What am I doing wrong when I try to deduce the Laplace transform formula?

Question

The Laplace transform of a function $f(t)$ is the projection of $f(t)$ vector (indexed with $t$) onto the linearly independent set of vectors $e^{st}$. The projection of a vector $\vec{v}$ onto another vector $\vec{w}$ is$$\vec{v}_{\vec{w}} = {{\vec{v} \cdot \vec{w}}\over{\vec{w} \cdot \vec{w}}}.$$Therefore,$$f(t)_{e^{st}} = {{f(t) \cdot e^{st}}\over{e^{st} \cdot e^{st}}} = \lim_{dt \to \infty} {{\sum_{k = 0}^\infty f(dt \cdot k) \cdot e^{e \cdot dt \cdot k}}\over{\sum_{k = 0}^\infty e^{2s \cdot dt \cdot k}}} = {{\int_0^\infty f(t) \cdot e^{st} \cdot dt}\over{\int_0^\infty e^{2st}\cdot dt}},\tag*{$(1)$}$$and this should be equal to$$\int_0^\infty f(t) \cdot e^{-st} \cdot dt.\tag*{$(2)$}$$If I am right up to this point, how can I prove that $(1)$ equals $(2)$? And if I did make a mistake somewhere, where?

Answer 1

Actually, your heart is in the right place; you just have the wrong inner product in mind. Instead of taking the inner product of $f$ and $g$ to be$$\int_0^\infty f(t)g(t)\,dt,$$you should take it to be the average value of $f(t)g(-t)$, in an appropriate sense; this will be proportional to$$\int_{-\infty}^\infty f(t)g(-t)\,dt,$$and thus you can use this in the numerator instead of the inner product itself, as though everything were just uniformly rescaled.

You should think of the restriction to positive values as part of the definition of $f$, but not part of the basis vectors $t \mapsto e^{st}$ or part of the definition of the relevant inner product.

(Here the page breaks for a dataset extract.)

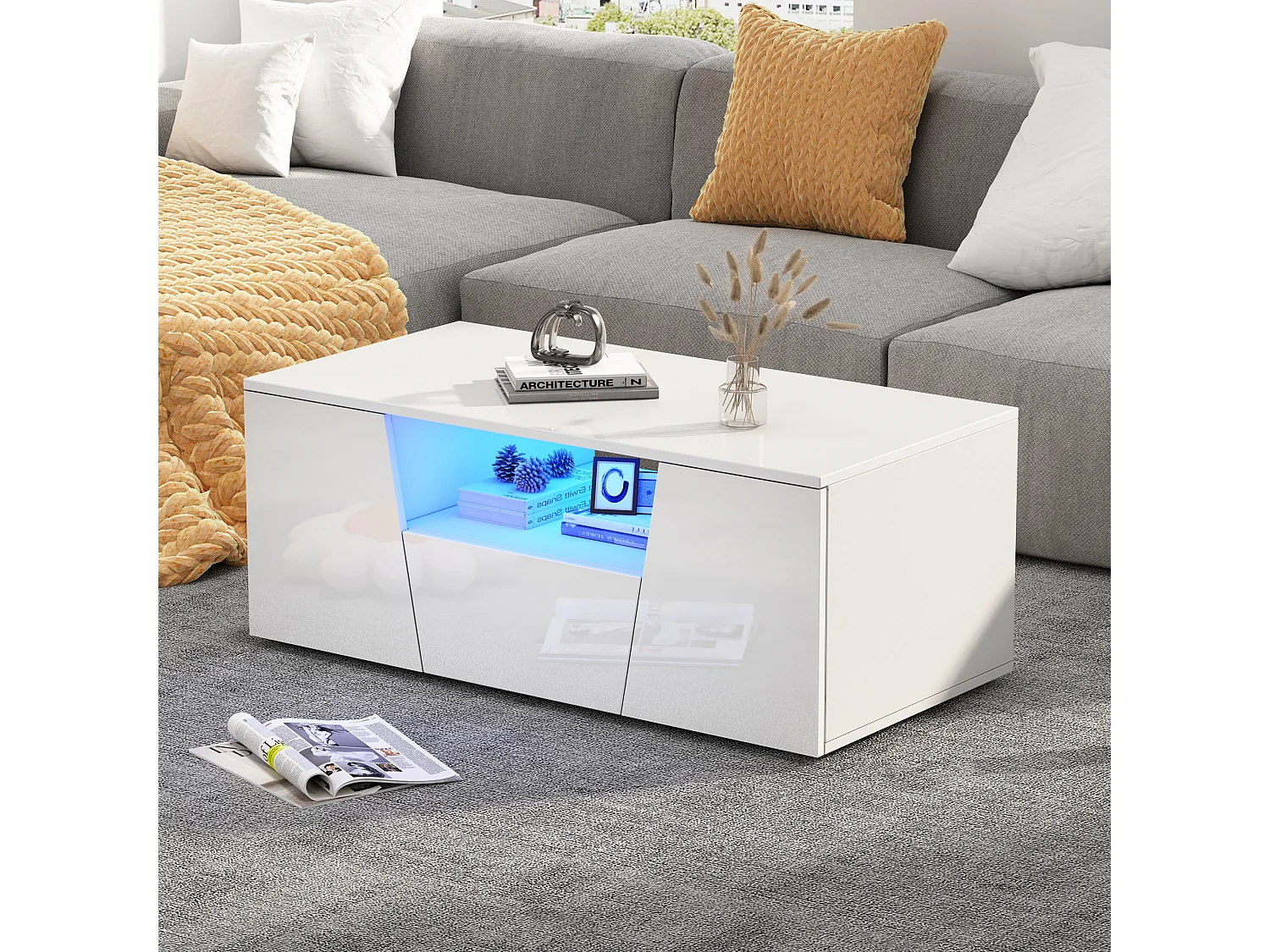 Table basse brillante - 100 x 50 x 40 cm - avec Leds + 2 portes + 1 tiroir - aggloméré - blanc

It will be obvious that these vectors are of unit magnitude on this definition. However, asserting their orthogonality may make you uncomfortable, as the relevant integrals will not be convergent in the ordinary sense. But there are natural senses in which the average value of $t \mapsto e^{(s_1 - s_2)t}$ should be considered zero whenever $s_1 - s_2$ is nonzero; for one thing, this average value should obviously be unchanged when shifting $t$, and thus when multiplying $e^{s_1 - s_2}$, which only zero would be. If that is unsatisfactory for you, you might instead interpret our averages as taken along the imaginary axis rather than the real one; this amounts to just rotating into the Fourier transform.